La présence de juifs dans le hip hop n'est pas une nouveauté. Bien au contraire, les principaux blancs qui ont fait l'histoire du rap (Rick Rubin, Beasties, 3rd Bass) étaient des juifs. Leur place privilégiée dans le hip hop indépendant n'est pas non plus une découverte. Non-Phixion existent déjà depuis plusieurs années, et tout leur entourage est évidemment issu de la même communauté. The High & Mighty, Microft Holmes de Rec Comp Rec, et, dans un genre nettement à part, Paul Barman, sont également juifs. Même El-P, moitié Irlandais, moitié Juif, rejoint ces derniers. Mais parmi tous ces gens, une bande, une famille même pour être plus exact, se distingue. Celle précisément de Non Phixion et de leur producteur Necro, tous frères et cousins entre eux et avec d’autres déjà cités.

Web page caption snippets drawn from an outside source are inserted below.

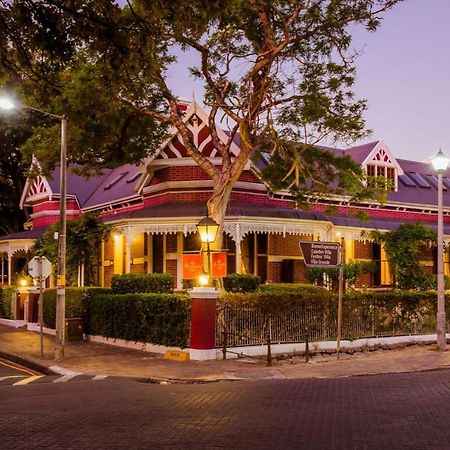 รูเซนวิจน์ เกสท์ เฮ้าส์ Hotel สเตลเลนบอช ภายนอก รูปภาพ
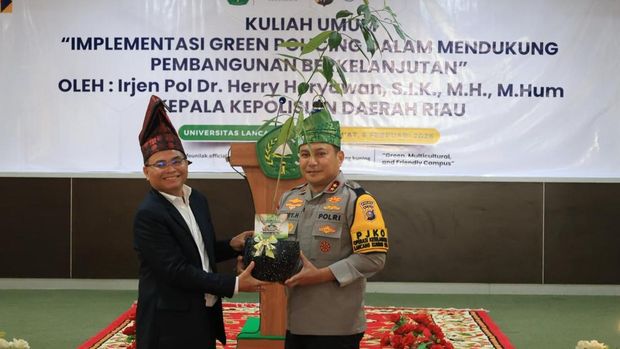 Kapolda Riau Irjen Herry Heryawan memberikan kuliah umum di Kampus Universitas Lancang Kuning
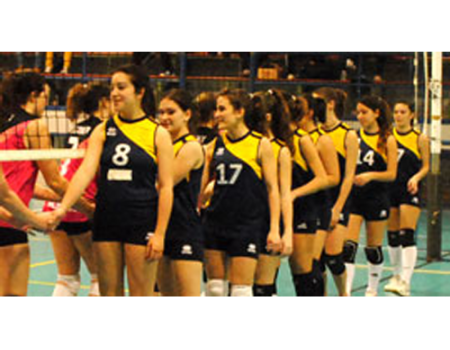 El Almagro Voleibol empieza la liga arrasando en Tomelloso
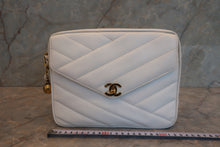 Load image into Gallery viewer, CHANEL  Bias stitch chain shoulder bag Caviar skin White/Gold hadware Shoulder bag 700080101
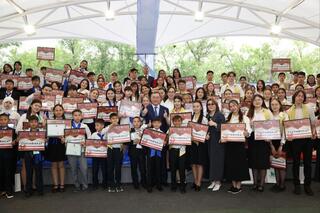 Марат Султангазиев встретился с одарёнными школьниками Алматинской области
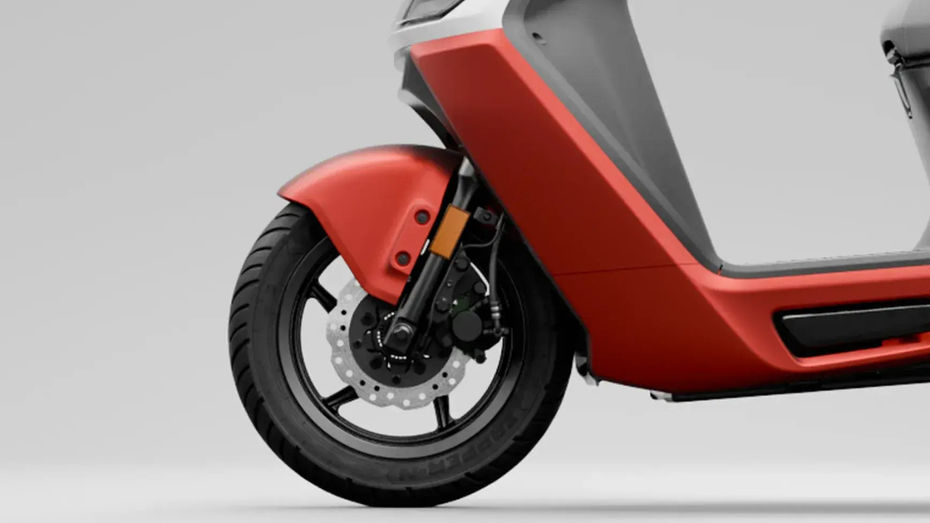 TVS Orbiter vs Ather Rizta: Which Electric Family Scooter To Buy TVS Orbiter vs Ather Rizta: Which Electric Family Scooter To Buy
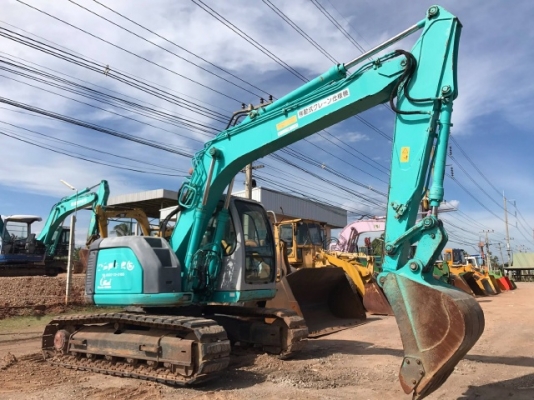 ขายรถแบคโฮ KOBELCO SK135SR YY01 มีลายหัวกระแทก รถนอกนำเข้าจากญี่ปุ่น สภาพสวยพร้อมใช้ มีVDOการทำงานครับ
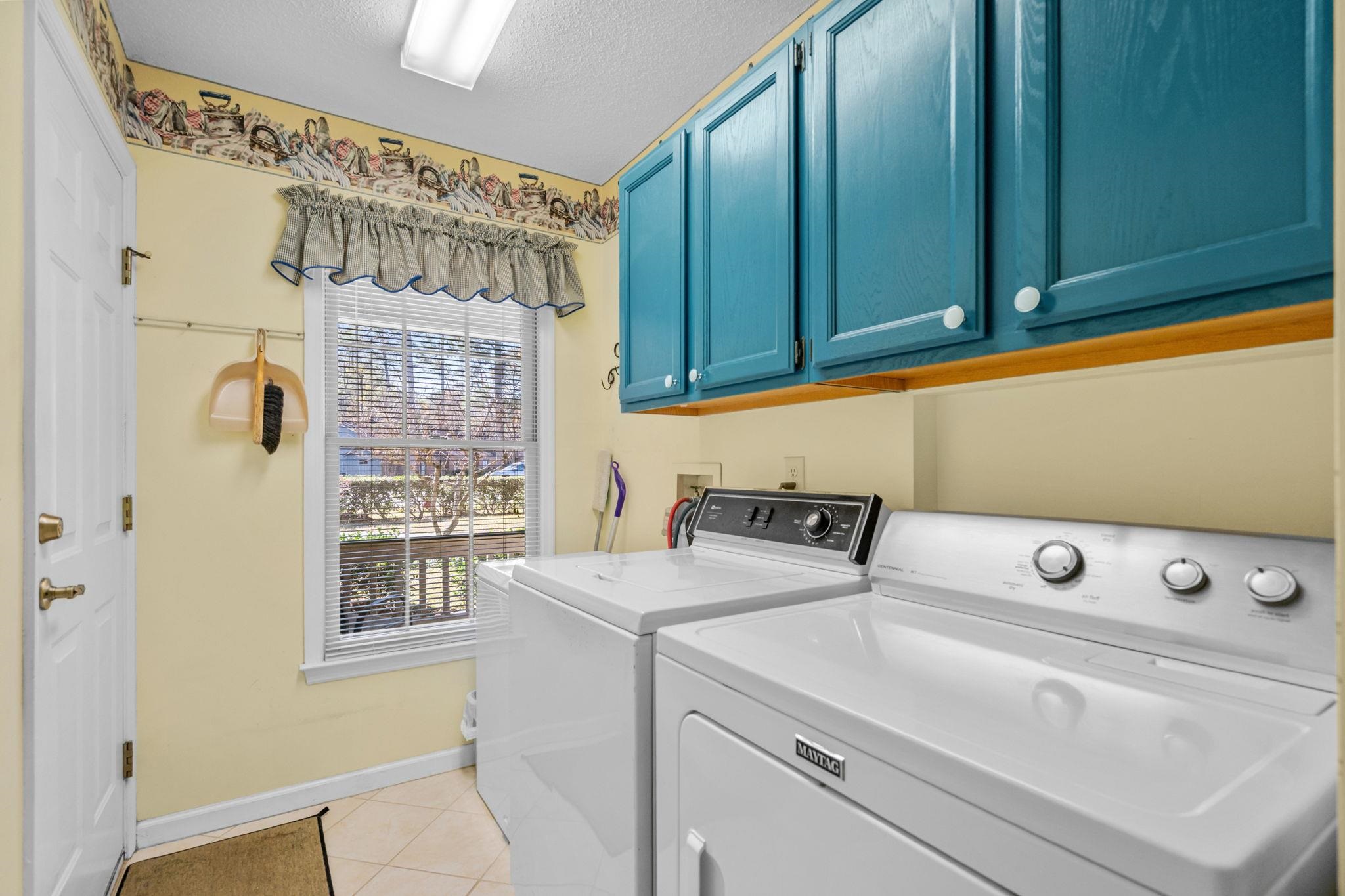 231 Cricket Ct. Property Photo 21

Juifs et fiers de l’être, Necro et consorts inventent une nouvelle forme d’identité communautaire, faite de provocation extrême, laquelle atteint son paroxysme sur l’album compilation nommé très à propos I Need Drugs. Sexe affreusement cru, apologie des rapports non protégés, incitation au détournement de mineur, sado-masochisme, sordides histoires de drogue, scatologie, dérision malsaine et immédiate, tous d’une violence et d’une virulence inouïes, se mêlent sur cet album et sur d’autres à de tonitruantes déclarations de fierté juive. Une fierté, un esprit de famille et une trash attitude extrême qui se cristallise sur la personne d'Uncle Howie, un crackhead et délinquant complètement grillé qui se trouve être l’oncle de Necro et d’Ill Bill, et leur idole définitive. C’est d’ailleurs lui qu'on voit fumer du crack sur la pochette d'I Need Drugs.

Un œil jeté au parcours de Non-Phixion permet d’éclairer la situation. Issus d’une deuxième génération d’immigrés juifs devenus fripiers et petits commerçants à New-York, ils ont rapidement côtoyé les côtés les plus sordides de la Grosse Pomme. D’abord attirés par le rock hardcore, ils ont autrefois ouvert pour des groupes du type Biohazard ou Sepultura. Mais à force de côtoyer les autres communautés new-yorkaises, ils se sont progressivement essayés au sampling et aux rhyme battles auprès de jeunes noirs. Le résultat : un rap abrupt, des effets gore parfois un peu gros, mais aussi un talent et une spontanéité devenus rares dans le genre.